XR’s impact and its ability to merge direct action with self-mediated visibility resonates with the technopolitical strategies of Spain’s 15M movement.12 This approach aligns with the open-source ethic of transparency, treating media as an essential tool and a strategic target. Alongside transparency, XR amplified a defining feature of climate movements: participants’ moral motivation to act, measured at 95% in XR’s early London actions.13 Given XR’s intergenerational composition and its recruitment of people with no prior direct-action experience, this moral drive highlights its social operating system as a mobilizing force, framing Nonviolent Direct Action (NVDA) as a personal commitment that risks self-sacrifice through arrest.

The fusion of transparency ethics and sacrificial morality becomes even more explicit in JSO, where activists declare on camera their moral obligation to carry out disruptive actions—even as they’re being arrested. One might remember the images of JSO activists Phoebe Plummer and Anna Holland who threw tomato soup at a (glass-covered) Van Gogh sunflower painting in London’s National Gallery, glued their hands to the wall, and loudly declared that there is no art on a dead planet.

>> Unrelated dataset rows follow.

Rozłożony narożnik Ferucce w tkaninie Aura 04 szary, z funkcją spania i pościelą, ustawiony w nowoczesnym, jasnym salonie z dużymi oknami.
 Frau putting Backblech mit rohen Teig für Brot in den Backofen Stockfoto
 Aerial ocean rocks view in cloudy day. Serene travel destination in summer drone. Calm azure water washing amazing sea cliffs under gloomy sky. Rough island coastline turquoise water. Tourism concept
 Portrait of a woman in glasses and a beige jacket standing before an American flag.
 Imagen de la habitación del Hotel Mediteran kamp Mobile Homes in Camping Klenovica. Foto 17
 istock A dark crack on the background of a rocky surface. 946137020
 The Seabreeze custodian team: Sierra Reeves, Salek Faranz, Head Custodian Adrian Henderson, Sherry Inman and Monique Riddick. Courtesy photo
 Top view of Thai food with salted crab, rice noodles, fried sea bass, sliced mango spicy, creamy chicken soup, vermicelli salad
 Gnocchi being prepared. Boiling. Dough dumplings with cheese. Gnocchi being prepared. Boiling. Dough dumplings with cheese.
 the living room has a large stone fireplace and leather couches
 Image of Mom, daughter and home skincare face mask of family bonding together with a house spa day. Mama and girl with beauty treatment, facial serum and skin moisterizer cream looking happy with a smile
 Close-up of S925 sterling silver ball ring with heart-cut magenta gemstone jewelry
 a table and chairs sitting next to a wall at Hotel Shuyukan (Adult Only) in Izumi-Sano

XR emerged in late 2018 with just a few dozen activists and grew into a global movement following its mass civil disobedience campaigns in April 2019. Following the CRM, it brought central London to a standstill with creative, festive blockades, resulting in over 1,000 arrests within days. This drew intense media coverage, particularly in the UK but also globally, positioning XR as the radical wing of the climate movement just as Greta Thunberg’s school strikes spread to over 100 countries.

Local XR groups proliferated rapidly. To form a chapter, activists only needed to endorse XR’s three core demands (‘Tell the Truth’, ‘Act Now’, and ‘Beyond Politics’) and ten principles, disseminated through ‘Intro to XR’ events and NVDA trainings—rather than through horizontal assemblies. Coordination happened via Mattermost, though the founding group retained leadership. This structure enabled decentralized creativity within a tightly codified framework for mass NVDA. It is interesting to note how Mattermost, an open-source platform for secure collaboration in software development born in 2015, has over the years been increasingly adopted by NGOs (such as the Wikimedia community) as well as informal activist groups and political organizations to handle and manage their communication.

We can thus interpret XR as a social operating system, with the CRM as its software for executing NVDA. This ‘software’ worked during XR’s expansion, but three systemic flaws soon emerged, corresponding to adaptations made in JSO’s fork. While CRM tenets 2–5 (target capitals, break laws, remain nonviolent, repeat actions) stayed the same in A22, points 1 (mass participation) and 6 (festive/artistic protest) were significantly altered.

These flaws arise from the tension between codification and mediatization: XR’s media exposure allowed external forces to disrupt its internally coded functions. Using software metaphors, we categorize them as: 1) Bug; 2) Glitch; and 3) Error compatibility.

1. Bug

XR mobilized tens of thousands of activists, within a determined social composition: hyper-educated white middle class, predominantly urban. This represents a bug because the social operating system is functioning exactly as designed. However, this functionality becomes a system vulnerability, revealing that the design process failed to adequately account, from the outset, for how the prescribed strategy would open itself to both grassroots criticism and media exploitation—particularly during periods of rapid proliferation.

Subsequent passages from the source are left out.